Options for stepping up cyber defenses can take many forms, not the least of which are in-house SOCs dedicated to preventing, detecting and responding to cyber threats and hacking incidents. Such investments — ideally positioned in tandem with, but isolated from, any NOC — help utilities better safeguard their critical infrastructure and highly sensitive operational information. This offers utilities more control over their security monitoring, incident response and communications with regulators and law enforcement  entities.

Creating a SOC — or some form of internal security operations capabilities — can be time-consuming and expensive, which often leads to security monitoring being outsourced. In either case, the survey shows that utilities value the concept, with more than half of respondents saying they have turned to that measure and it operates around the clock.

Utilities serving populations of more than 500,000 are overwhelmingly the ones with SOCs that work 24/7, perhaps because they’re better equipped to fund them, and they exist in areas where more qualified resources are available.

While such responses are commendable, none of them reflect the extent to which each of those SOCs is truly effective, or whether they have shortcomings.

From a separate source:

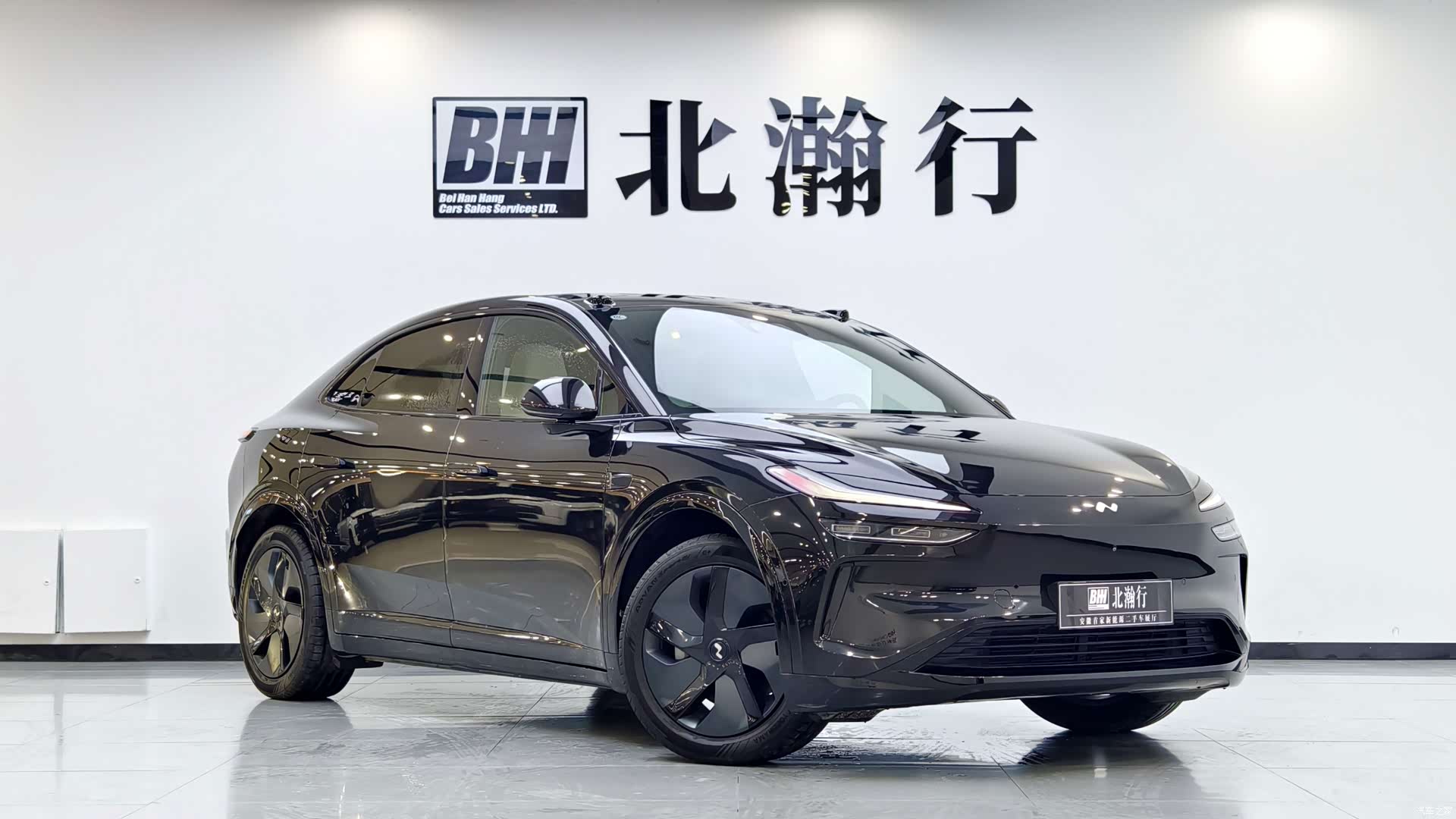 NIO L60, 2025 3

Are there multiple dedicated, full-time  people  assigned  to  that  cybersecurity  role?  Are  they fully qualified? Is that worker regularly reviewing logs? Is there intrusion   monitoring   and detecting?

Another thing to ask: Why do one-third of respondents have no SOC at all?

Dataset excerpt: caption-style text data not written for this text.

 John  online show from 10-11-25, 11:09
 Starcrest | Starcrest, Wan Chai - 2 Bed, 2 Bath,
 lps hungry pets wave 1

Perhaps it’s simply a matter of budget, given that nearly two- thirds of respondents at the nation’s smaller utilities (which serve fewer than 500,000 residents) say a SOC isn’t part of their game plan. There also may be some connection with smaller electric utilities having fewer NERC-CIP-rated “high” and “medium” assets and systems.

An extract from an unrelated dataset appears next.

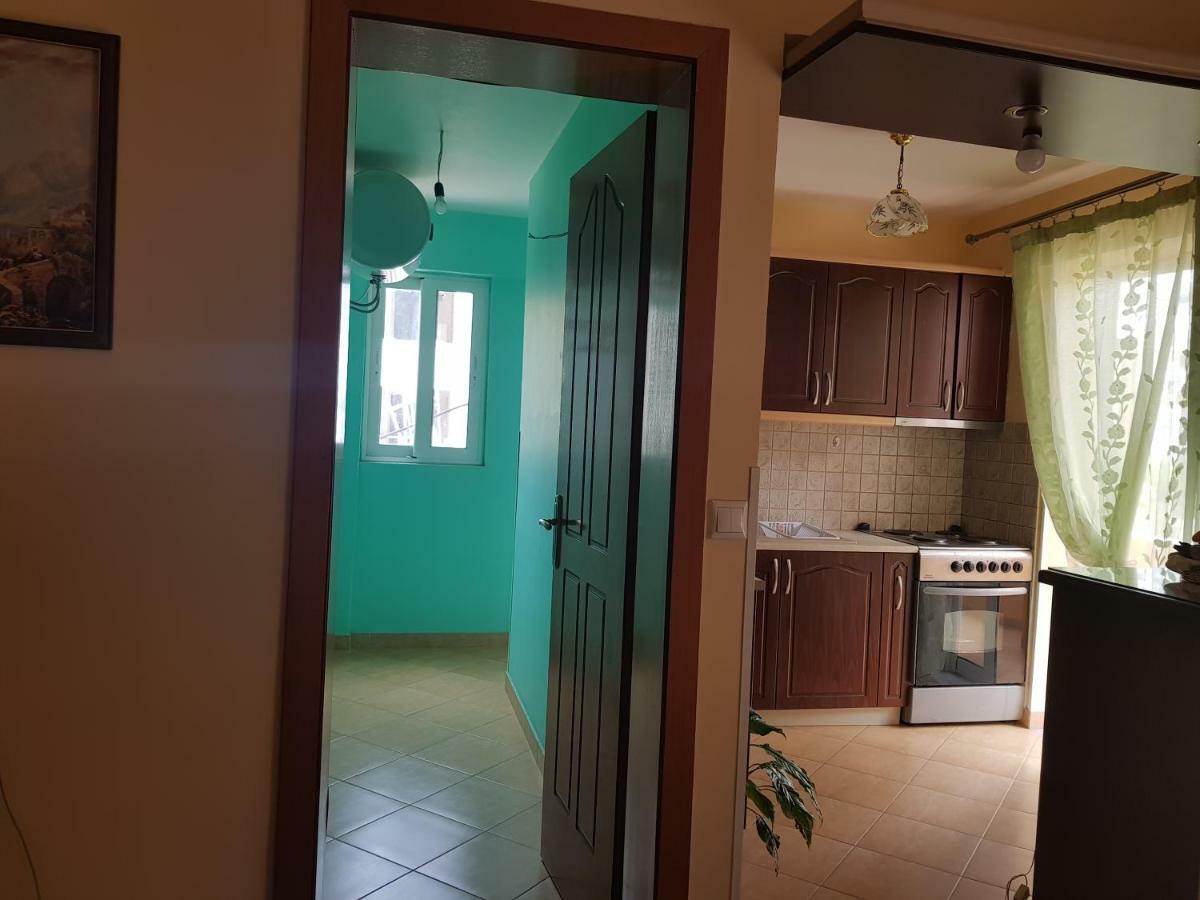 Enjoy Apartment Sarandë 外观 照片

Among Utilities, Cloud Demand Is Looking Up

Black  &  Veatch’s  survey  shows  that  more  and  more  utilities are applying concerns to cloud computing as they work to get sensitive information off-premises in a secure manner, store it protectively while the data is at rest and control access while it

is off-site. More than half of the respondents say they’ve already moved or are in the process of moving some operations to the cloud, while nearly one-third say they’re content staying on the sidelines (Figure 33).

But exactly what utilities feel comfortable storing in the cloud depends on who you ask. More than half of respondents from utilities serving at least 2 million residents say they’d consider moving any service or application to a cloud environment, while four of five respondents from utilities covering populations of 500,000 to 2 million say they only would consider cloud services for NERC-CIP low-impact or noncritical services (Figure 34).

Whatever the case, utilities benefit by having fuller awareness of what storing  potentially sensitive data about their electric grids in the cloud may create in terms of additional vulnerabilities and associated business risk. Cloud-using utilities that don’t meet NERC-CIP requirements  for encryption  — in transit and at rest may face greater exposure and higher risk and, by extension, the potential for punishing regulatory fines.

Best Cyber Posture: Keep Moving the Ball Downfield

As the cyber landscape grows more complex and treacherous, utilities don’t have the luxury of standing pat. They shouldn’t hesitate to consult trusted advisors with tested telecommunications experience to quickly but thoughtfully develop, shore up or expand their risk-management approaches, which should include layered defenses, enhanced monitoring and reliable system redundancies.

The bottom line is that simply sustaining the status quo should be as much of an enemy as hackers themselves; cyber defenses must be flexible and match the pace of digital change.

“Whatever the issue, we all must be clear-eyed about cybersecurity threats and not rest on our laurels,” Neil Chatterjee, the Federal Energy Regulatory Commission’s chairman, wrote in an October 2019 guest column for Fortune. “The electric grid is far more secure than it was a decade ago. But know this: Our adversaries will not rest. Neither can we.”